[DATA]

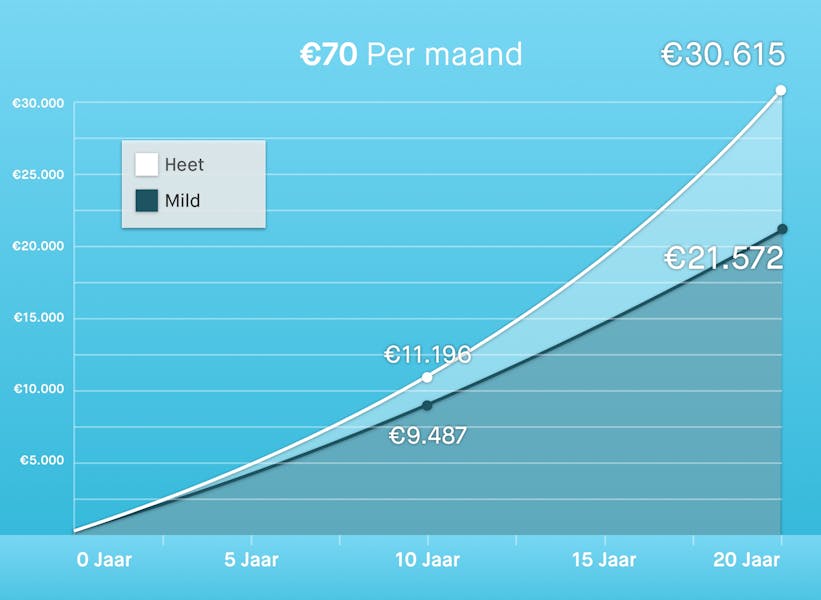 €70 per maand beleggen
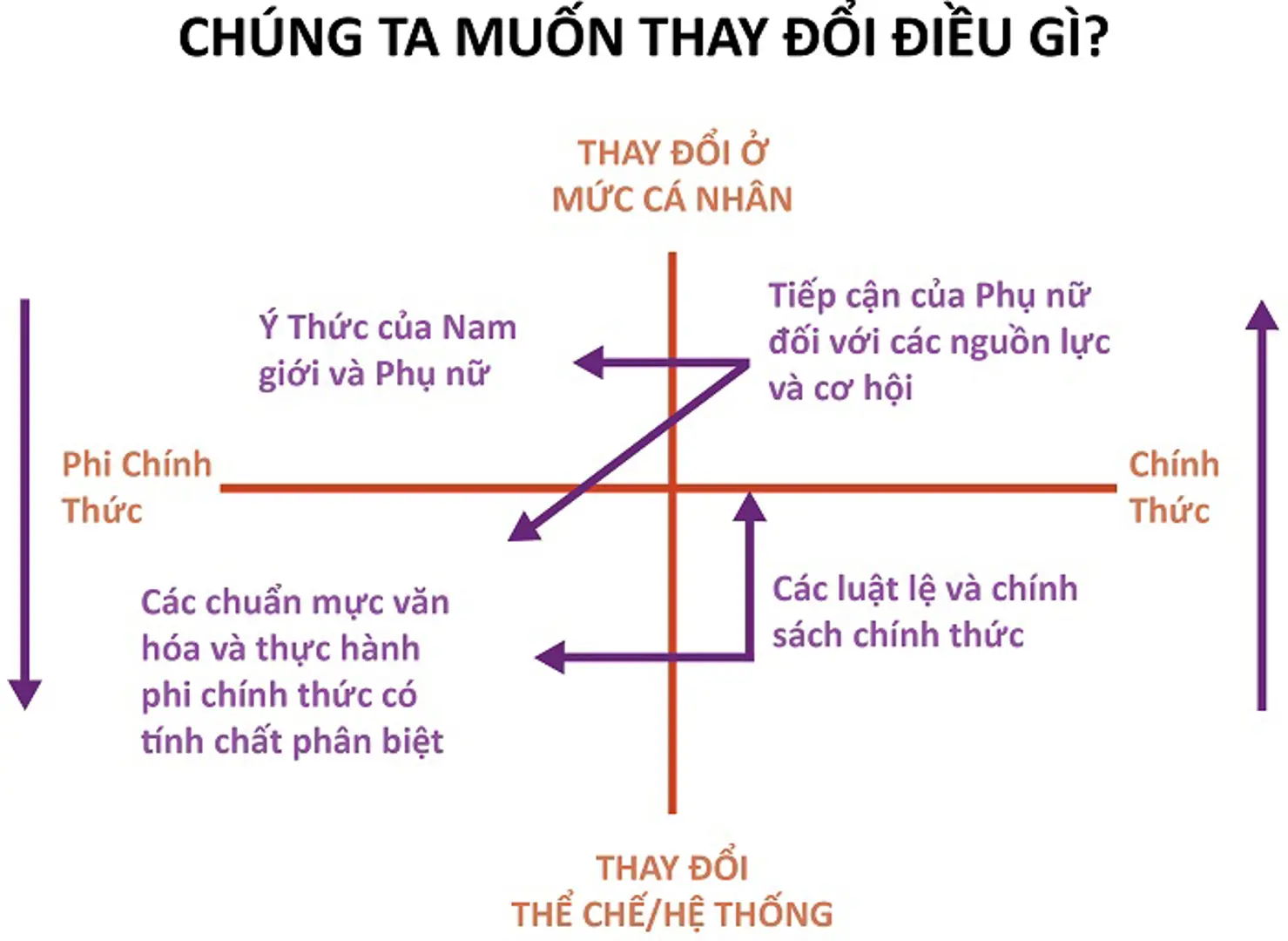 Bình đẳng giới: Lợi thế cạnh tranh của doanh nghiệp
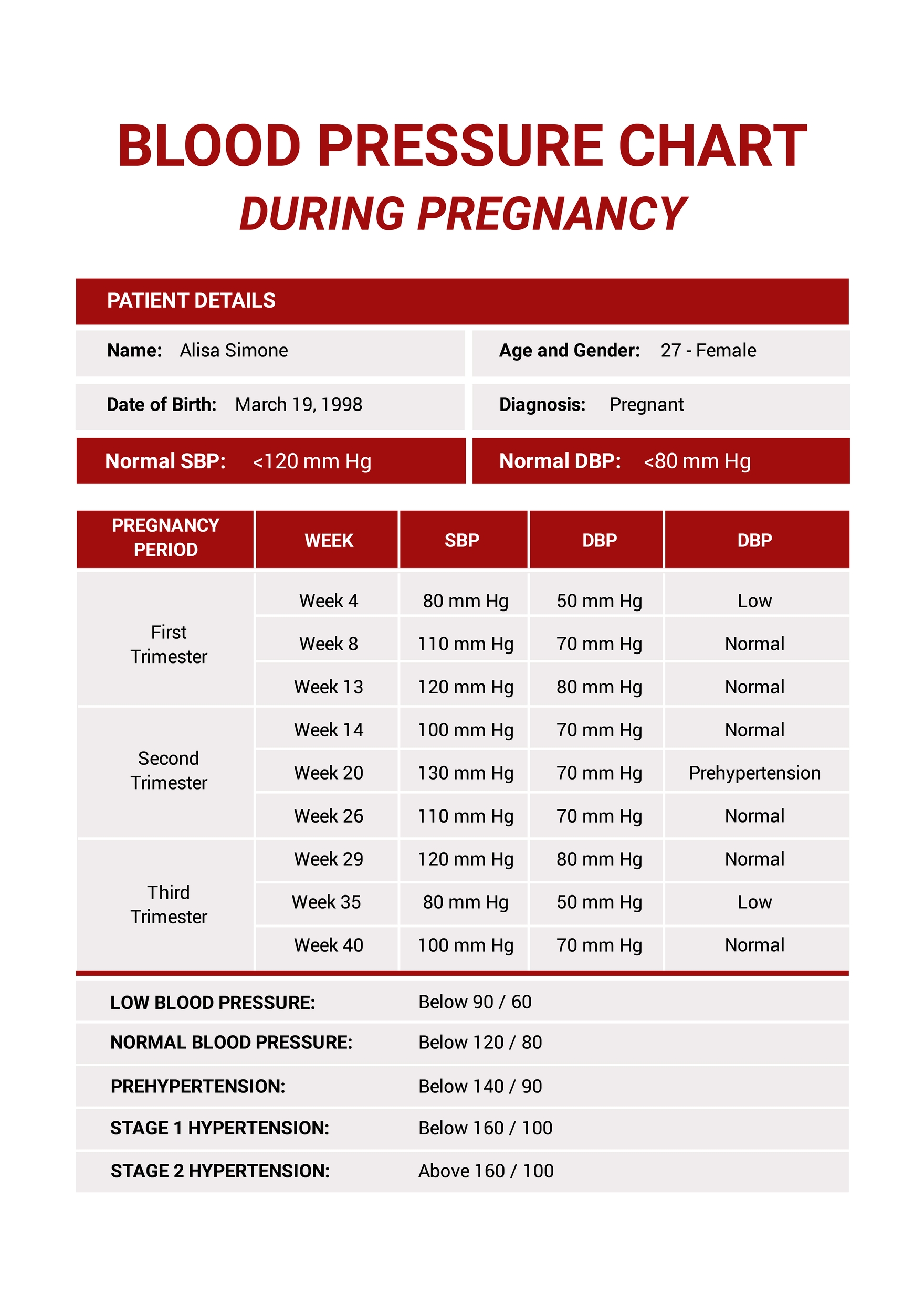 blood-pressure-chart-pregnancy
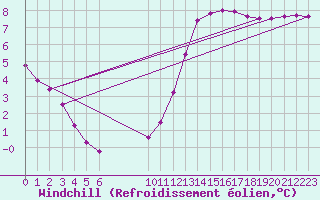 Courbe du refroidissement olien pour Saint-Philbert-sur-Risle (27)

[/DATA]

All that should be printed is the lines from the one containing "blood-pressure-chart-pregnancy" through the last line of the material above, both ends included, exactly as they stand; please skip the pictures.

 blood-pressure-chart-pregnancy
 Courbe du refroidissement olien pour Saint-Philbert-sur-Risle (27)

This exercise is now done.